Goal of the exercise:
Transcribe every entry that follows, word for word, and omit the images.

Data extracted from a collection

* * * * * * *

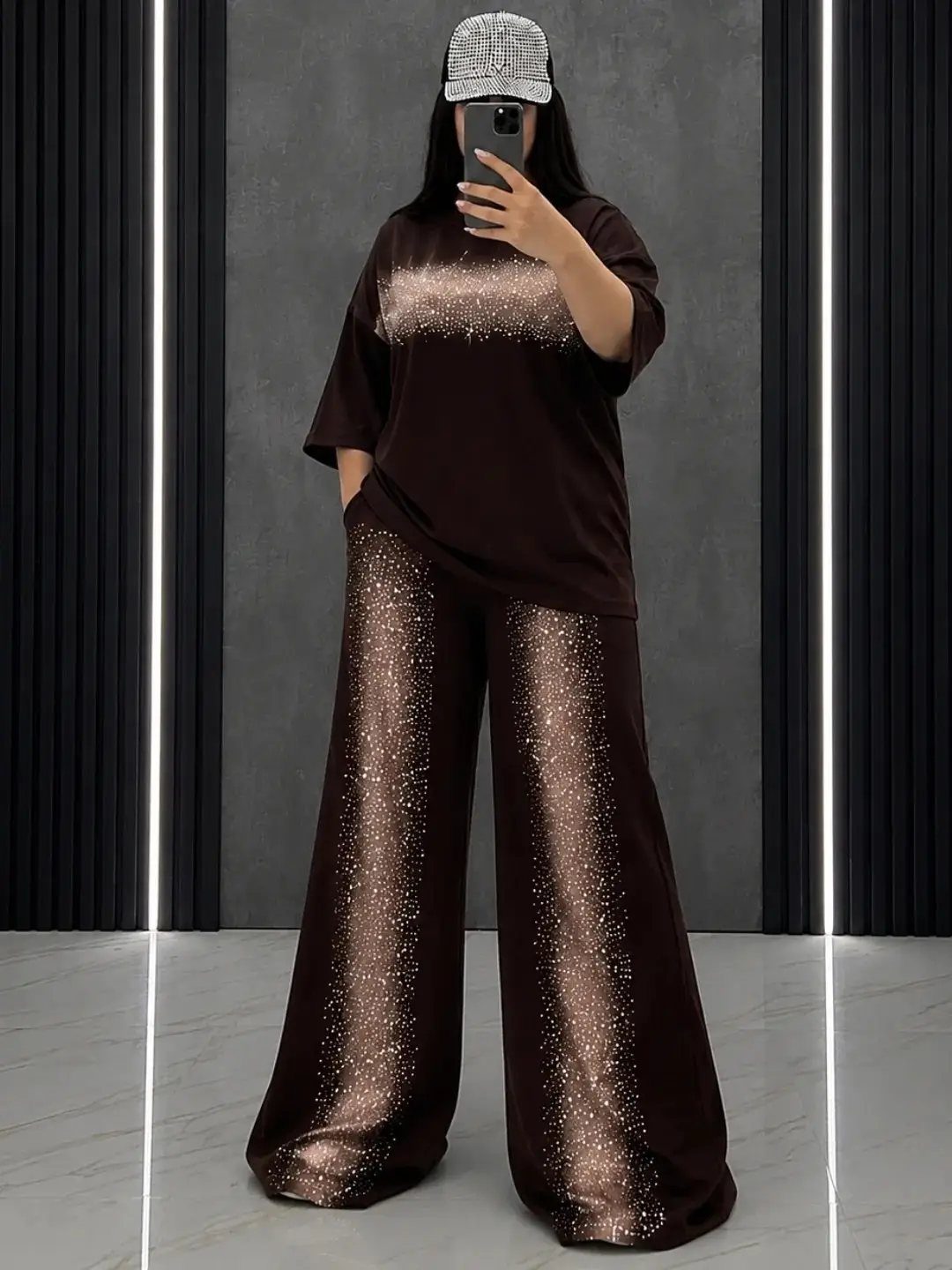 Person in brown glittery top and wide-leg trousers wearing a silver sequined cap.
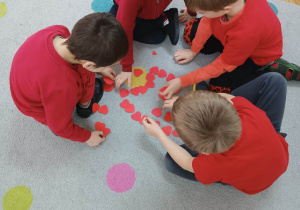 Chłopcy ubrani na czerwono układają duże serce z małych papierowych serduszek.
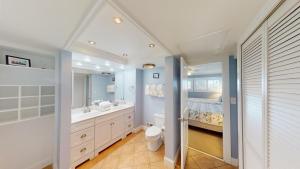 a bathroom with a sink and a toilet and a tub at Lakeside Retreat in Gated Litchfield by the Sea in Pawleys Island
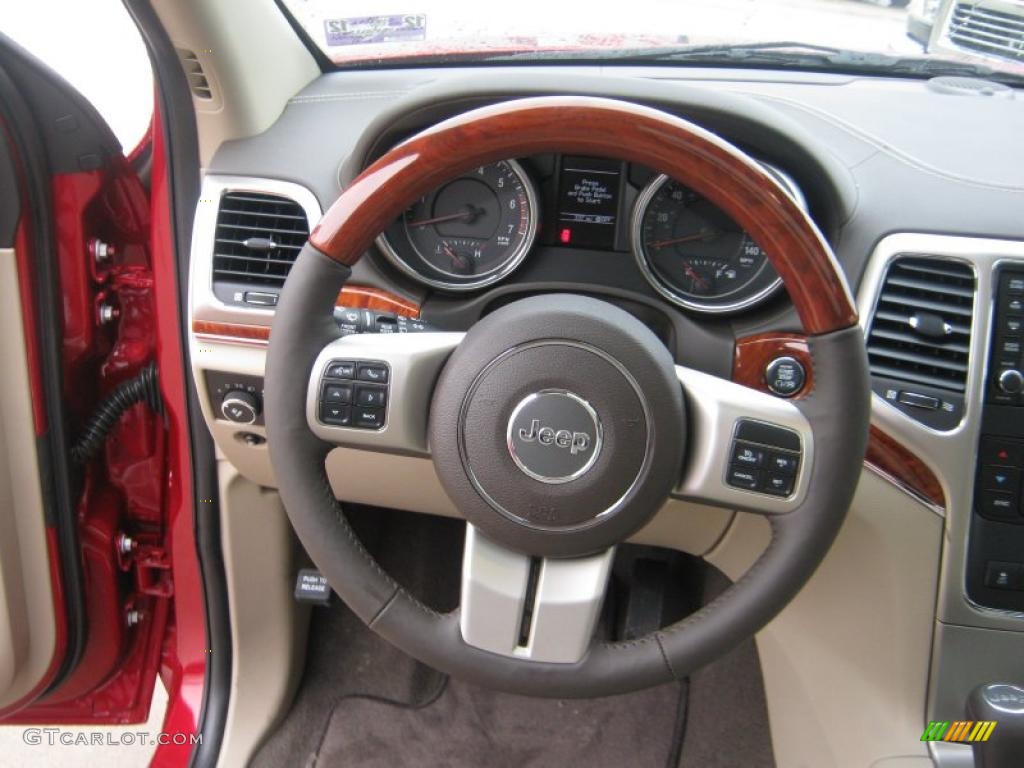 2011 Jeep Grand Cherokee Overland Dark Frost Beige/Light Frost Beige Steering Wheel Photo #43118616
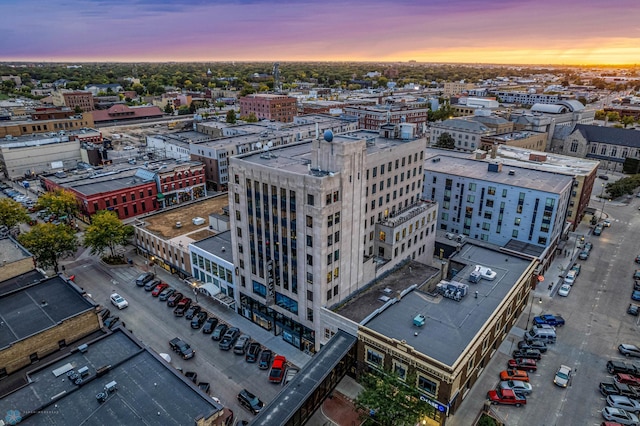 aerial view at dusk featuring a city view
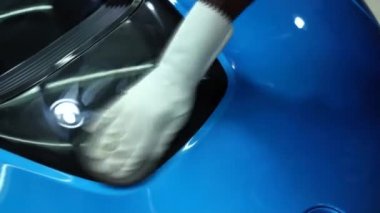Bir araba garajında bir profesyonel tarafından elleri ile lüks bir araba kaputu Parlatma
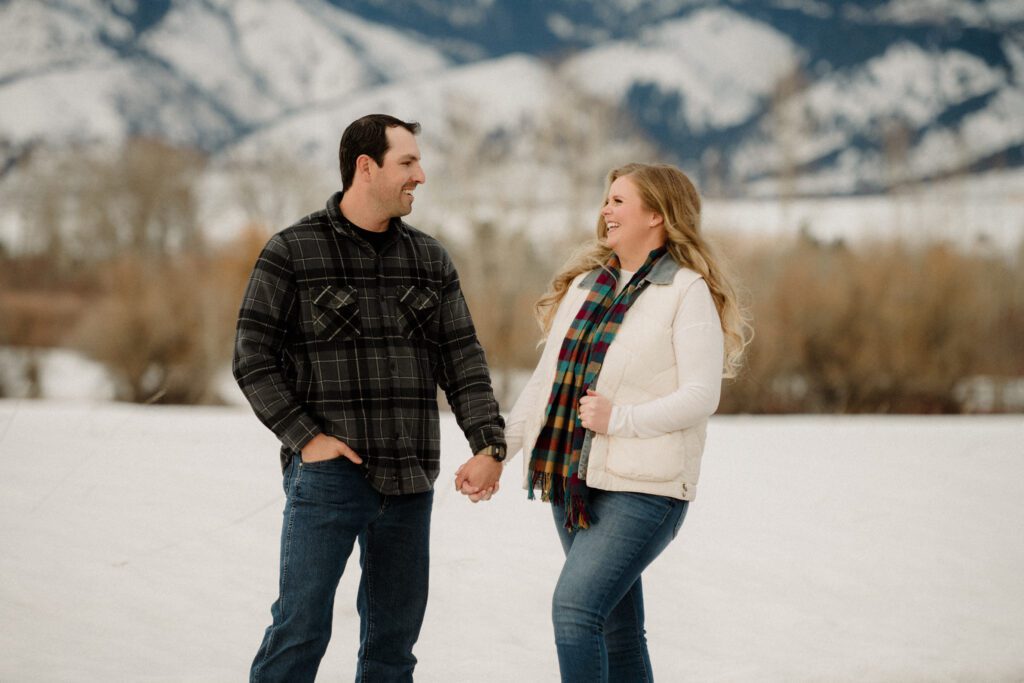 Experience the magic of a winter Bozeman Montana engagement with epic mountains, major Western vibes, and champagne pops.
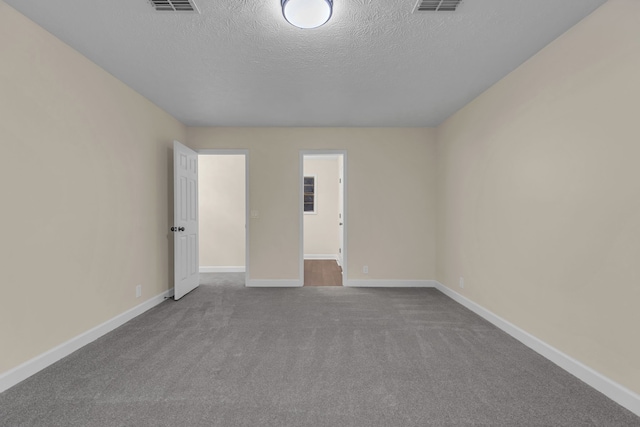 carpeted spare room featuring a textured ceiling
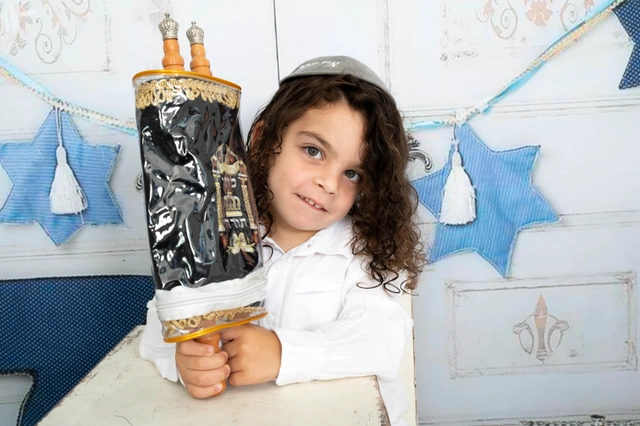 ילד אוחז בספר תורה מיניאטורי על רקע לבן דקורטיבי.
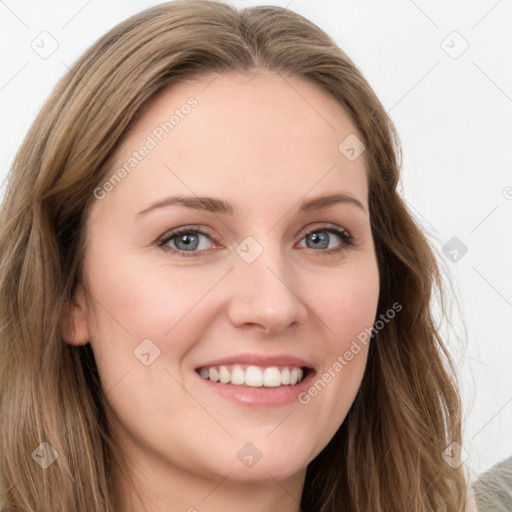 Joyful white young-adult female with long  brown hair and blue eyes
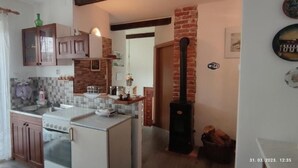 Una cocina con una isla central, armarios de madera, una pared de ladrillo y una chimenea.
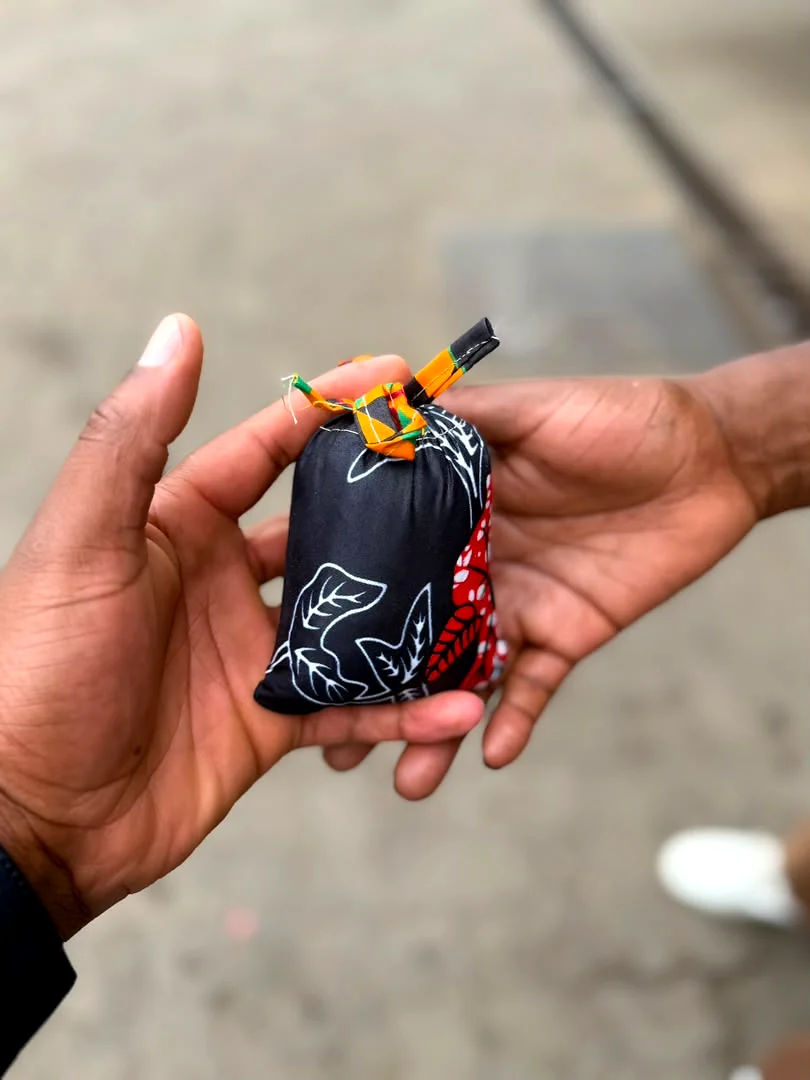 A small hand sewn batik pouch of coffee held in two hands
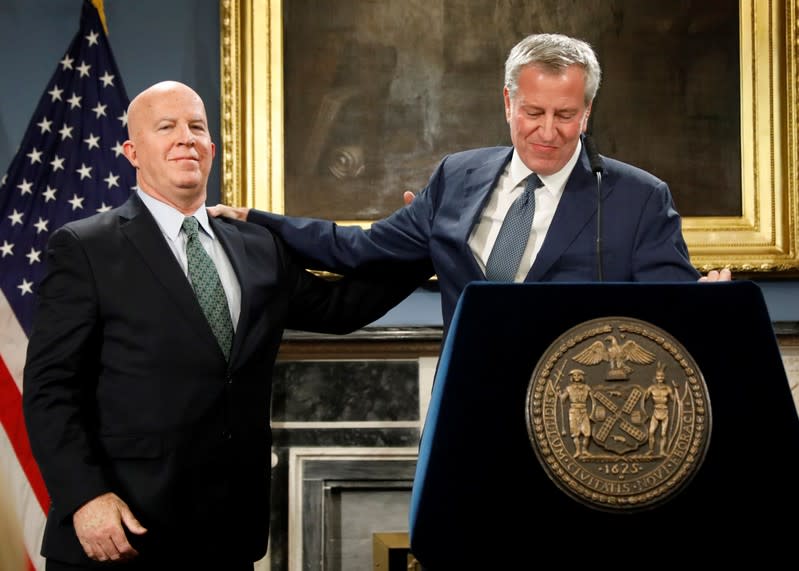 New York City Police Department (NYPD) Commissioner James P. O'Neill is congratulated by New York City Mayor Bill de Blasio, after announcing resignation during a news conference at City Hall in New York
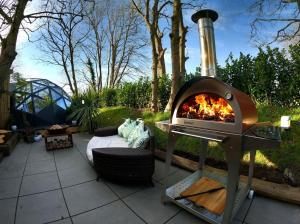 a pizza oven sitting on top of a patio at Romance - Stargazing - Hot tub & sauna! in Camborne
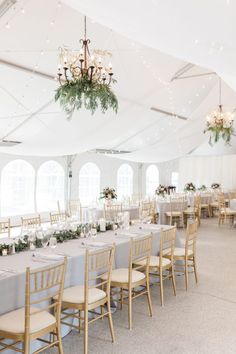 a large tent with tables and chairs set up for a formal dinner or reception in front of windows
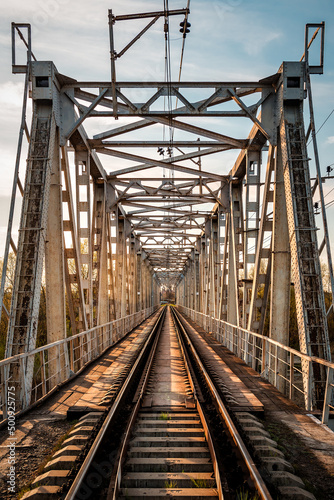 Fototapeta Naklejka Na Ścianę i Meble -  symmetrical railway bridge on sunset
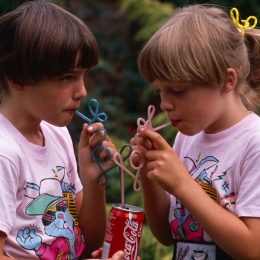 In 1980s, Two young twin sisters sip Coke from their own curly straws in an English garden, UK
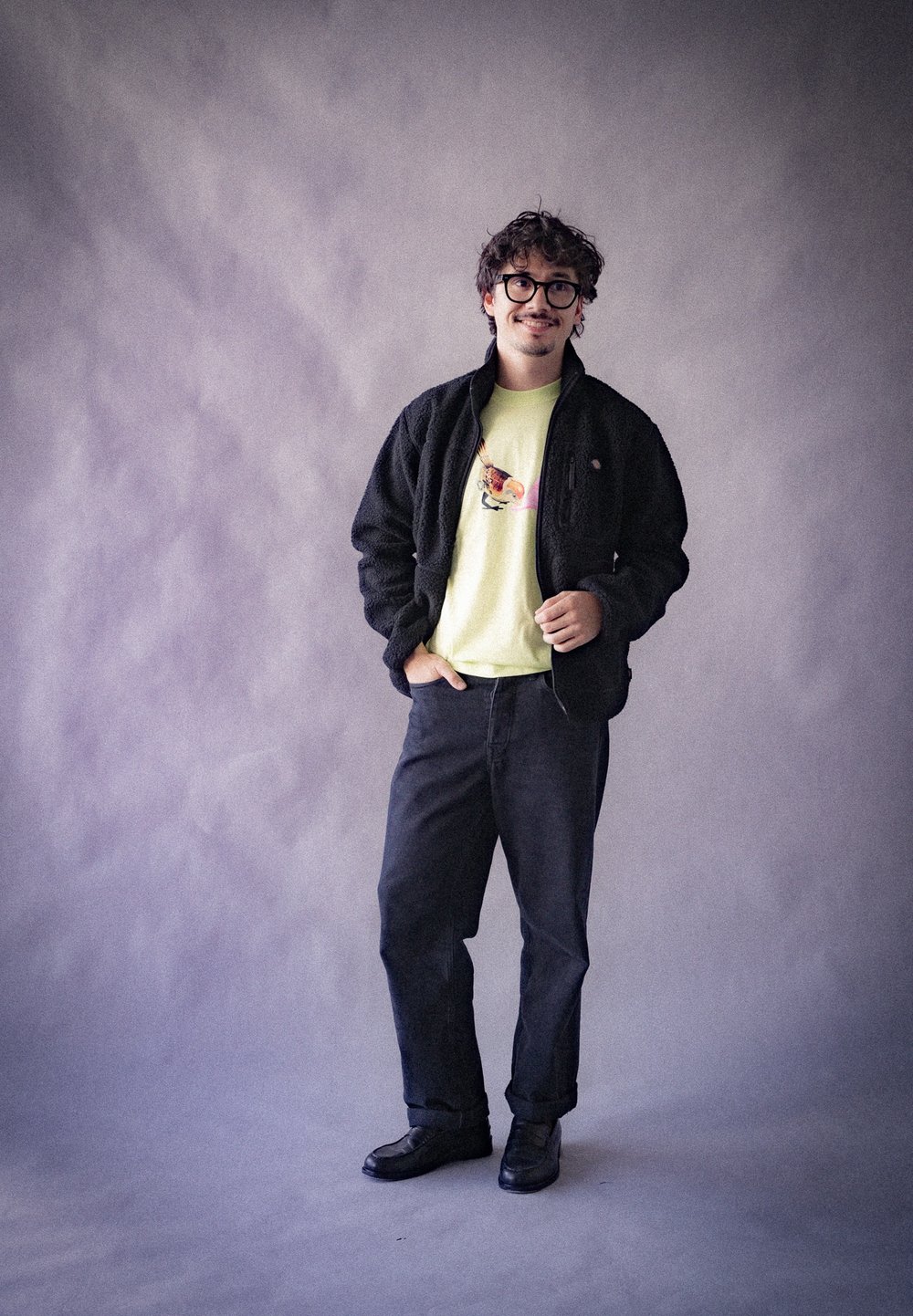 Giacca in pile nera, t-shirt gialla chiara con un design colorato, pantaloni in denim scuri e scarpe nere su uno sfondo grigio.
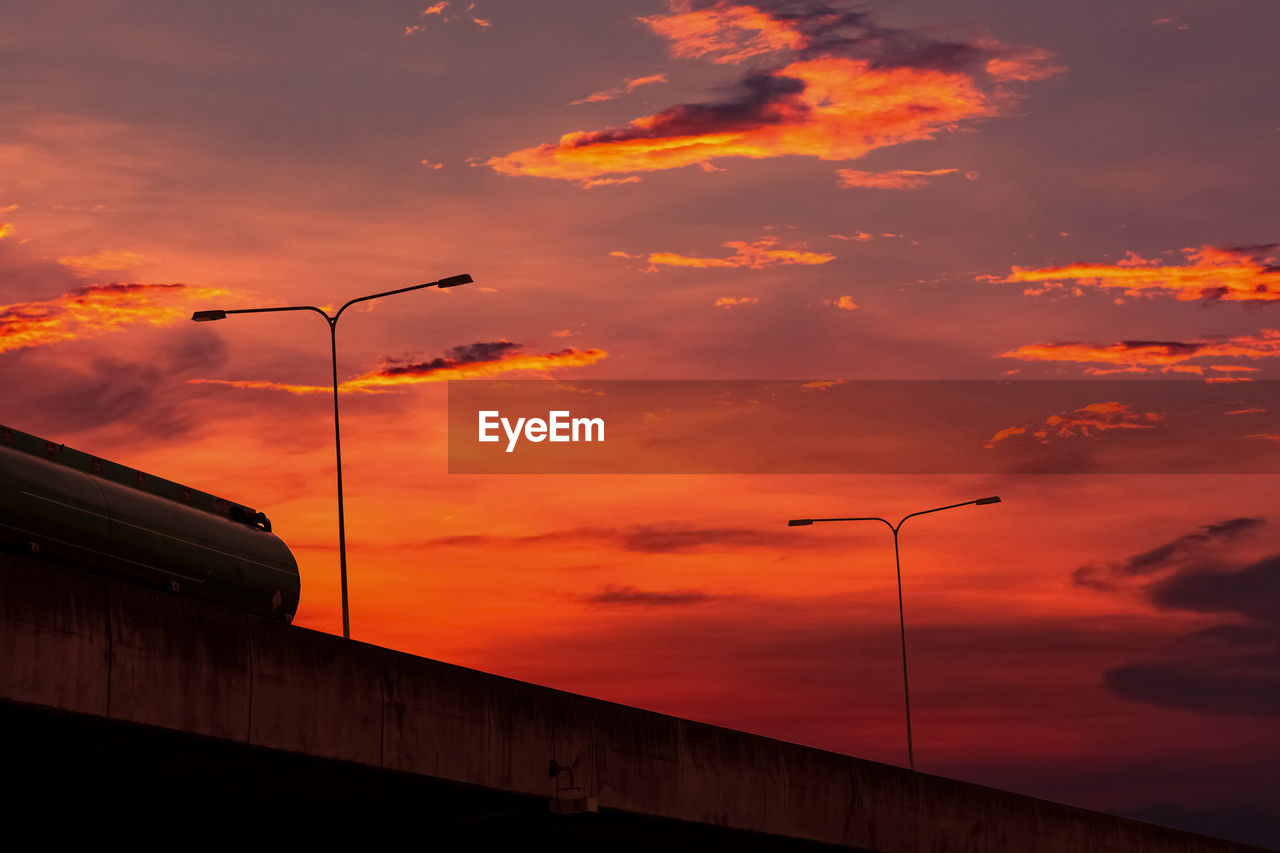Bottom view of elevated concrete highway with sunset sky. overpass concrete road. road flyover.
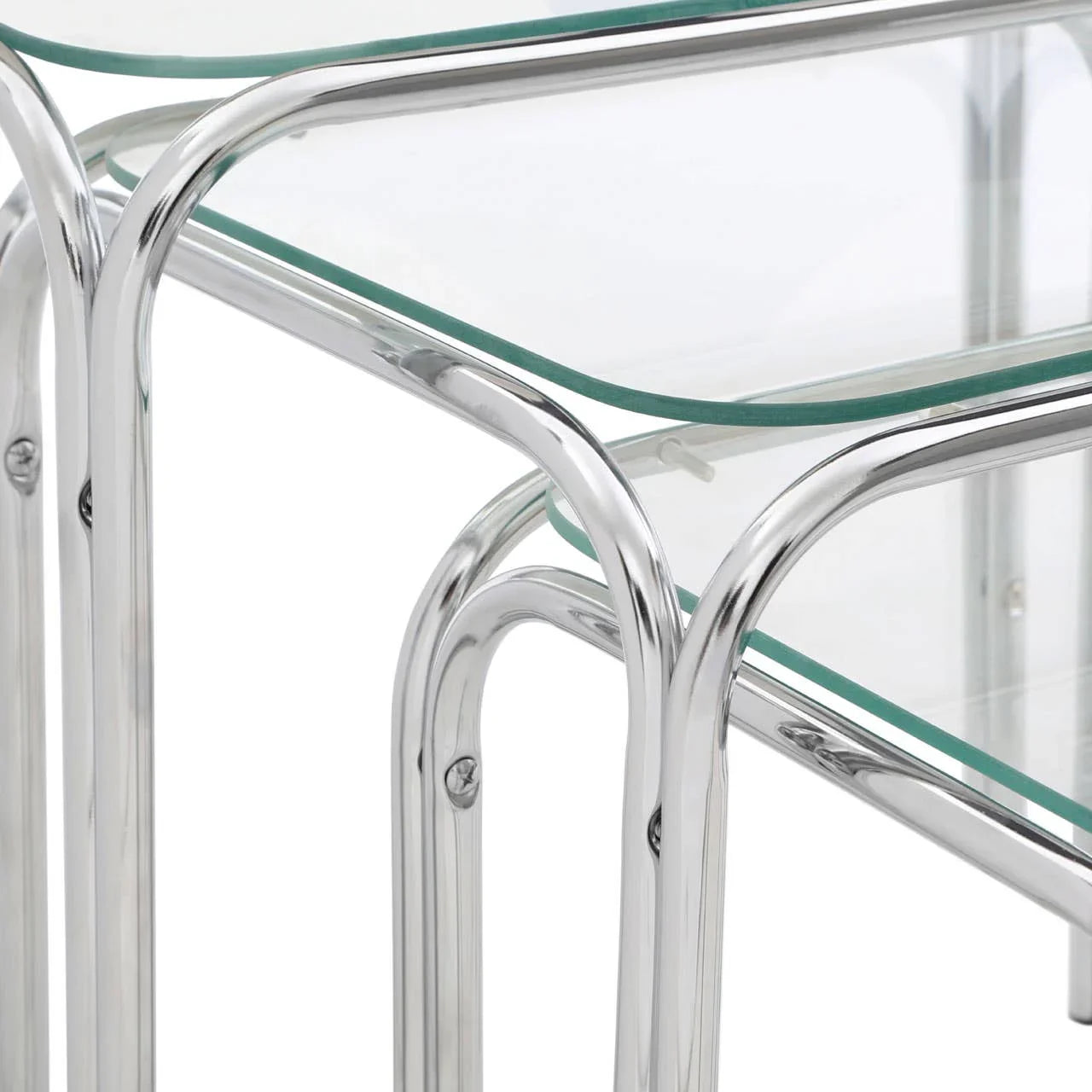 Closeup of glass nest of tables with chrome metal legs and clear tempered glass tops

* * * * * * *

Answer below:
 Person in brown glittery top and wide-leg trousers wearing a silver sequined cap.
 Chłopcy ubrani na czerwono układają duże serce z małych papierowych serduszek.
 a bathroom with a sink and a toilet and a tub at Lakeside Retreat in Gated Litchfield by the Sea in Pawleys Island
 2011 Jeep Grand Cherokee Overland Dark Frost Beige/Light Frost Beige Steering Wheel Photo #43118616
 aerial view at dusk featuring a city view
Bir araba garajında bir profesyonel tarafından elleri ile lüks bir araba kaputu Parlatma
 Experience the magic of a winter Bozeman Montana engagement with epic mountains, major Western vibes, and champagne pops.
 carpeted spare room featuring a textured ceiling
 ילד אוחז בספר תורה מיניאטורי על רקע לבן דקורטיבי.
 Joyful white young-adult female with long  brown hair and blue eyes
 Una cocina con una isla central, armarios de madera, una pared de ladrillo y una chimenea.
 A small hand sewn batik pouch of coffee held in two hands
 New York City Police Department (NYPD) Commissioner James P. O'Neill is congratulated by New York City Mayor Bill de Blasio, after announcing resignation during a news conference at City Hall in New York
 a pizza oven sitting on top of a patio at Romance - Stargazing - Hot tub & sauna! in Camborne
 a large tent with tables and chairs set up for a formal dinner or reception in front of windows
 Fototapeta Naklejka Na Ścianę i Meble -  symmetrical railway bridge on sunset
 In 1980s, Two young twin sisters sip Coke from their own curly straws in an English garden, UK
 Giacca in pile nera, t-shirt gialla chiara con un design colorato, pantaloni in denim scuri e scarpe nere su uno sfondo grigio.
Bottom view of elevated concrete highway with sunset sky. overpass concrete road. road flyover.
 Closeup of glass nest of tables with chrome metal legs and clear tempered glass tops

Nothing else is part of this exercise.